We’ve all seen it: a new project launches with a website covered in logos like Forbes, Bloomberg, or Reuters. We’re taught to trust these "Tier-1" outlets, but I just spent 5 months auditing the infrastructure that puts those logos there—and the results are terrifying.
I work in PR, and we conducted a "hygiene audit" of nearly 3,000 crypto press releases from June to Nov 2025. We cross-referenced them with fraud databases (like ZachXBT’s reports) and on-chain activity.
Here is the reality of the "Crypto News" cycle:
- The 62% Scam Rate: Over half of the releases we tracked came from entities that were actually confirmed scams, rug-pulls, or high-risk "ghost" projects.
- The "Trophy URL" Trap: Scammers aren't paying for readers, they are paying for the URL. They use that link to "game" Google’s Knowledge Graph and appear legitimate in search results. It’s a "reputation laundry" service.

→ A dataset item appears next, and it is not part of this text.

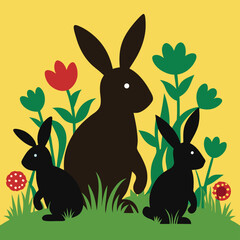 easter bunny in grass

- Zero Substance: Only 2% of releases actually covered real events like funding or major partnerships. The other 98% were just hype designed to trigger FOMO.
How to protect yourself (DYOR 2.0):
- Ignore the Logos: A "Bloomberg" or "Yahoo Finance" link is often just a paid press release (look for "Paid Content" or "Sponsored" in tiny text). It is NOT editorial endorsement (=anyone with some money to spare can say almost anything they want and it'll get "published").
- Check the "Omitted Results": If you search for the project and Google says "results omitted," it means the "news" is just syndicated spam that provides zero value.
- The "Lights On" Test: If a project has "Tier-1 news" but their parking lot is empty (zero github activity, no real team on LinkedIn, no actual utility), this is a HUGR red flag.
I’m sharing this because the "Press Release Pump" is the new version of the 90s penny stock scam. Don't let a "reputable" URL trick you into a rug pull.